The city of Wichita Falls and surrounding areas are in serious need of rain and have been for the past seven years. The city is under stage four drought restrictions and KAUZ Meteorologist Jake Reed said tighter restrictions are not the only issues the city is facing.

“The biggest issue or impactful thing we face is, is there going to be rain or is there not going to be rain. Because if there is no rain you can still have as many restrictions as you want but you’re still going to see that combined total decrease because the fact is you’re not putting water into the lakes, you’re still taking it out and that level is going to drop,” Reed said.

Restrictions under stage 4 include a total ban on all outdoor irrigation, and no washing sidewalks, driveways, or structures. The surcharge triples for any amount of water used over 10 units in a household. That amount is $3 per unit used over ten units. This charge increases as additional units are used. Associate geosciences professor, Rebecca Dodge said she agrees with the restrictions and realizes more is going to have to be done to help with the water shortage.

“What the county and city have been doing and need to keep doing is just looking for ways to extend the life of that water as long as possible,” Dodge said.

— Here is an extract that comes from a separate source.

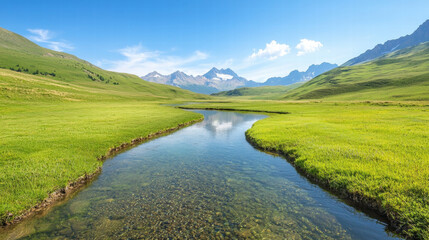 A serene landscape featuring a winding river, lush green fields, and majestic mountains under a clear blue sky.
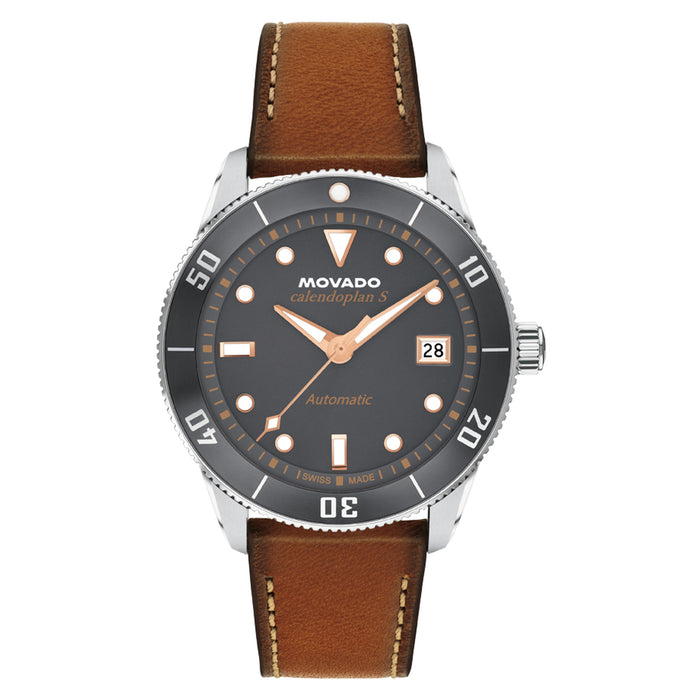 Movado Heritage Series Calendoplan s Grey Dial Leather Automatic 3650218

Combined lake levels totals of Lake Arrowhead and Lake Kickapoo as of March 3 sit at 26.9 percent. City officials say stage five restrictions will go into effect once those levels hit 25 percent. Reed said certain weather patterns will get us to that percentage more quickly.

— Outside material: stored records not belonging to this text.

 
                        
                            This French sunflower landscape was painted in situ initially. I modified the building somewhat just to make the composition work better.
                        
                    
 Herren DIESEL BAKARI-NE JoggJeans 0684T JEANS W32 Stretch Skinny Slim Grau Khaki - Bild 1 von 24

“If we were to have a few weeks of very dry conditions with no rain, above average temperatures and above average winds those totals could really come down in quite a hurry,” Reed said.

But as Reed said conservation can only go so far if there is no rainfall. He said the bottom line is we need a saturated ground.

“We need it to be saturated because all the excess rain will then run off into the lakes. If we stay dry all that rain is just going to absorb into the soil and you’re not going to get that runoff that goes down into the lakes.”